Table 1 The results of the ablation study in valence on testing datasets of DEAM
Table 2 The results of the ablation study in arousal on testing datasets of DEAM

5.3 Results on DEAM and PMEmo

Figure 9 illustrates the variation of training CCC loss on DEAM and PMEmo datasets in valence and arousal dimensions. The convergence occurs in epoch among the range of (60, 80) on both two datasets and also in different dimensions of emtion, which demonstrates that the perception of emotion is of great commonality and MCAN is able to perceive this commonality. The training loss has close downward trend in two different datasets, which suggests that MCAN is effective in the task of numerical prediction for emotion in music.

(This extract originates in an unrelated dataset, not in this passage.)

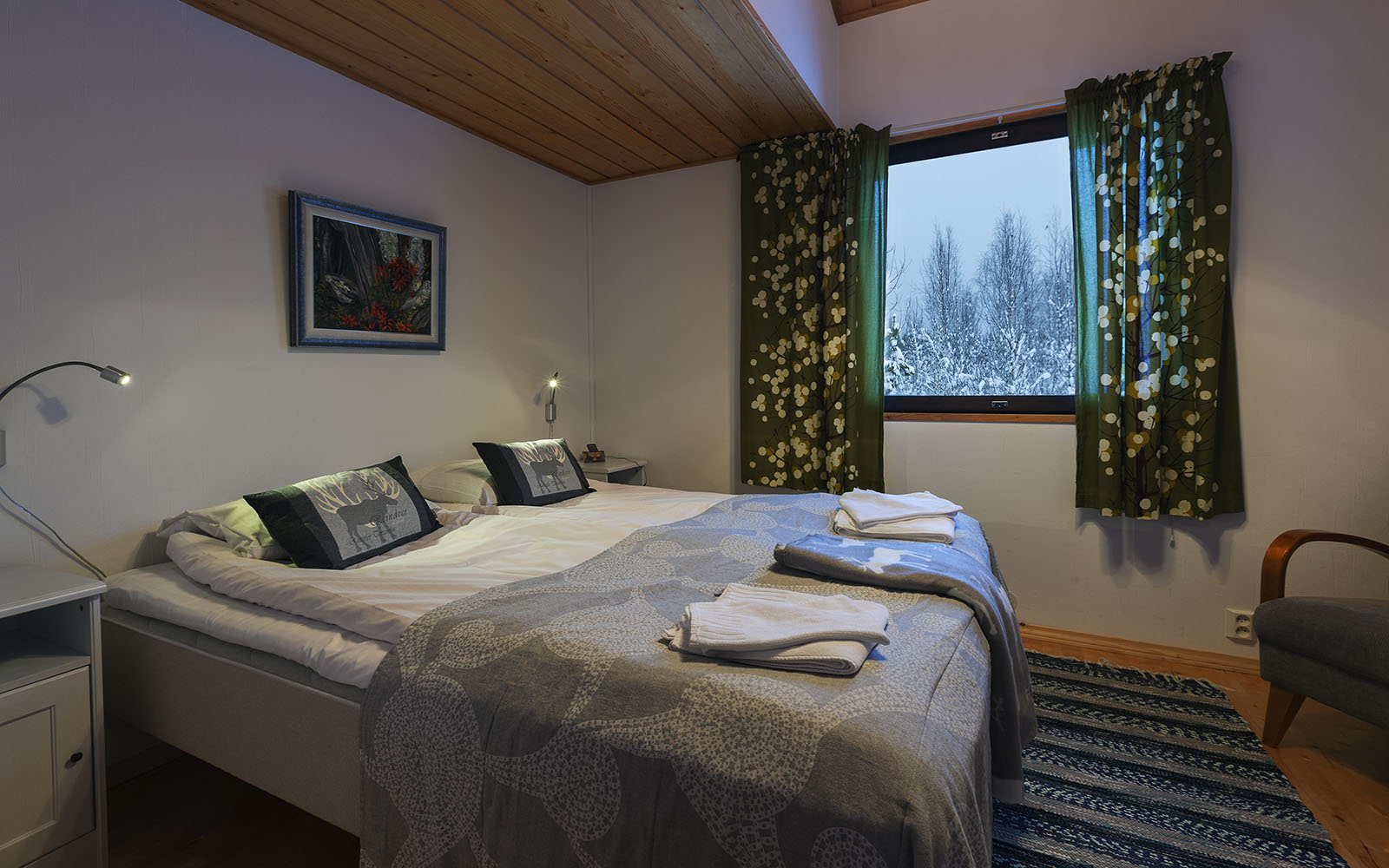 The main bedroom in a semi-detached holiday apartment, located just 200m from the main reception building. The apartments offer family-style accommodation for up to 5 people.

MCAN has similar performance on the same type of dataset, indicating that it has strong ability of generalization.

Fig. 9
figure 9

Running loss Losstotal varies by epoch in valence and arousal dimensions on DEAM and PMEmo training datasets

Tables 3 and 4 represent the values of metrics while testing, which demonstrates the relationship between different perceived emotions of humans and validates the generalizability of MCAN. For example, the values of CCC (p < 0.05) reach evenly 0.309 in valence and 0.502 in arousal on the DEAM testing dataset. The values are 0.215 and 0.401 on the PMEmo testing dataset. From these values, it can be seen that the results on DEAM and PMEmo are in the similar range and tendency in both valence and arousal dimensions. The two datasets are annotated by different groups of people, under the condition of which the results mentioned above demonstrate that the ability of humans to perceive emotion is close. The results also suggests that MCAN is well applicable for continuous MER on similar datasets with dynamic annotations. In other words, MCAN has the ability of generalization and is very stable in different situations.

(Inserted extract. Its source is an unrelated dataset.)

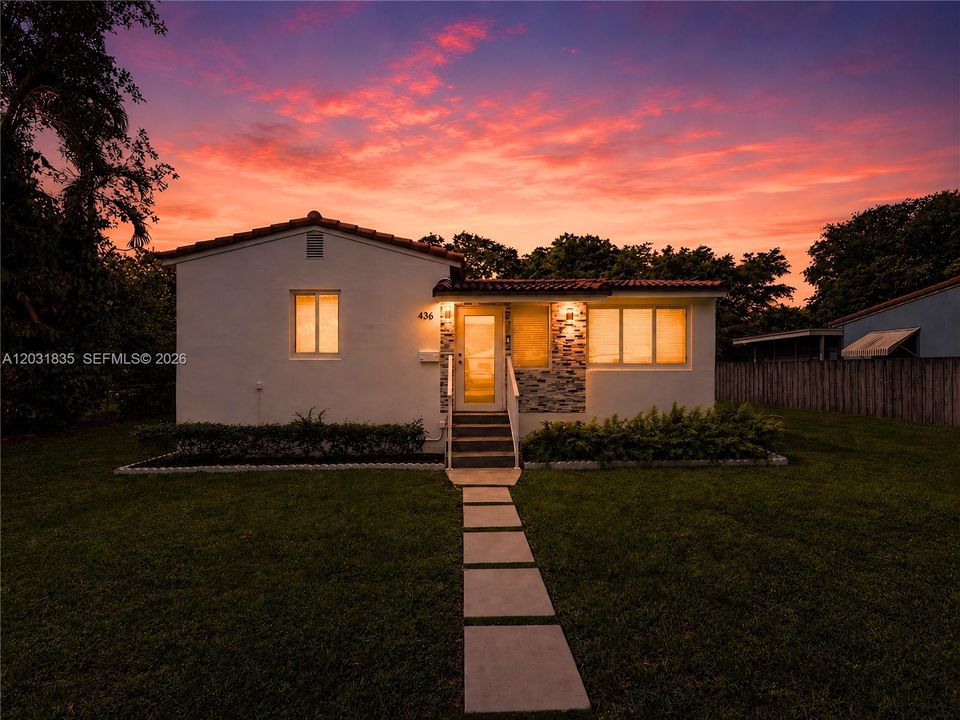 For Rent: $3,500 (2 beds, 1 baths, 1251 Square Feet)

Table 3 The representation of the results in valence on different testing datasets
Table 4 The representation of the results in arousal on different testing datasets

5.4 Comparison with other methods

We compare MCAN with five methods, and the details of these methods are as follows:

  • The top-three baselines: BLSTM-RNN, BLSTM-ELM, and Deep LSTM-RNN [1], which are applied in the “Emotion in Music” task at MediaEval. All of these have received desirable results in continuous MER, and these methods are regarded as the benchmark ones in MER tasks.

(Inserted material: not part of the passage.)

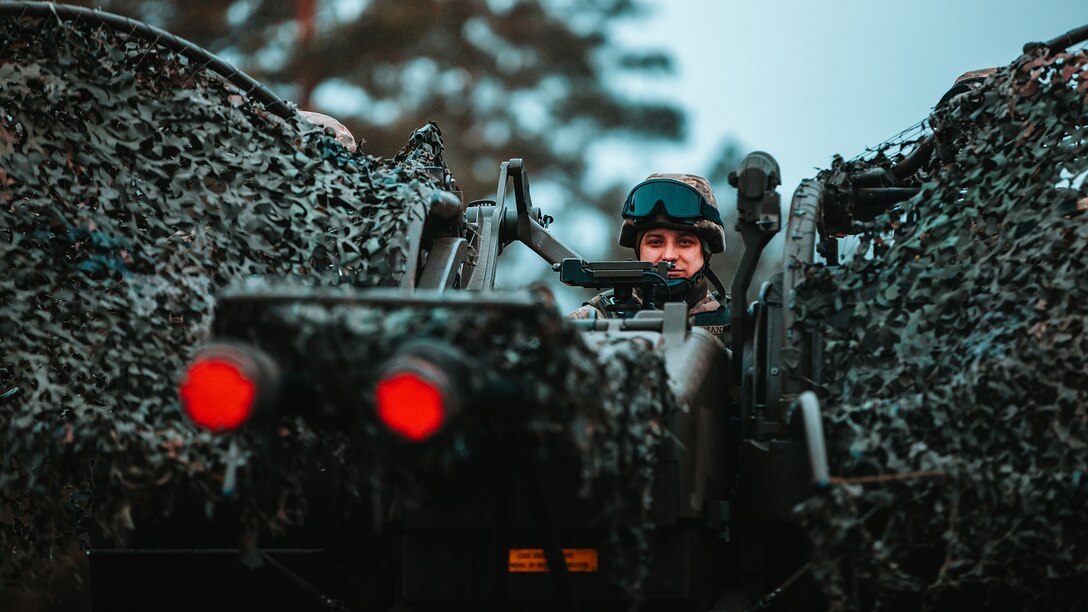 Polish and Romanian Soldiers work together in support of NATO's enhanced Forward Presence Battle Group Poland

  • The two state-of-the-art methods: The first one is the method called BCRSN [12], in which CNNs and LSTM module are applied together to construct the method. The second one is a novel method based on the combination of an effective dimensionality reduction algorithm and SVR [8], which can be descripted as TNN + SVR.

Tables 5 and 6 represent the performance of different models on the DEAM and PMEmo testing dataset. Compared to the top-three baselines, MCAN outperforms these models for the ability to extract salient features through original spectrograms. The values of CCC have improved significantly and the values of RMSE and MAE have decreased obviously while applying MCAN, which indicates that the proposed MCAN can effectively extract emotion-related features and contribute to better performance. Taking the results in the ablation experiments into consideration, the combined effect of the sample reconstruction technique, the feature augmentation, the weighted attention module and the style embedding module makes MCAN perform well. From the perspective of data representation, there are sufficient data representation in details in our method. The handling of details makes MCAN more stable and accurate.

Table 5 The comparison of the performance in valence on different models and testing datasets
Table 6 The comparison of the performance in arousal on different models and testing datasets

Furthermore, we also compare MCAN with the state-of-the-art methods. As is shown in Tables 5 and 6, MCAN is not the best in all conditions. As for the DEAM dataset, TNN + SVR performs better than MCAN on the evaluation of CCC in valence dimension, and BCRSN performs better than MCAN on the evaluation of RMSE in arousal dimension. As for PMEmo dataset, TNN + SVR performs better than MCAN on the evaluation of MAE in valence dimension, and BCRSN performs better than MCAN on the evaluation of RMSE in arousal dimension. However, compared with the values of TNN + SVR or BCRSN on these indicators, the values of MCAN’s are not far behind those ones, which are less than 1%. From another point of view, compared with BCRSN, the values of other indicators of MCAN have been improved about 8%, and compared with TNN + SVR, the values of other indicators of MCAN have also been improved about 9%. Compared with BCRSN and TNN + SVR, the data representation of MCAN is more adequate and the process of feature extraction is finer. The automatic feature extraction through spectrogram and the handcrafted feature extraction are combined together in MCAN, which makes it perform better than the two state-of-the-art methods. Furthermore, the sample reconstruction technique can help to strengthen the stability of the network. The feature augmentation and the weighted attention module can help to extract salient features. The style embedding module can help to enhance the learning capability of the network. Overall, MCAN performs better than all methods compared.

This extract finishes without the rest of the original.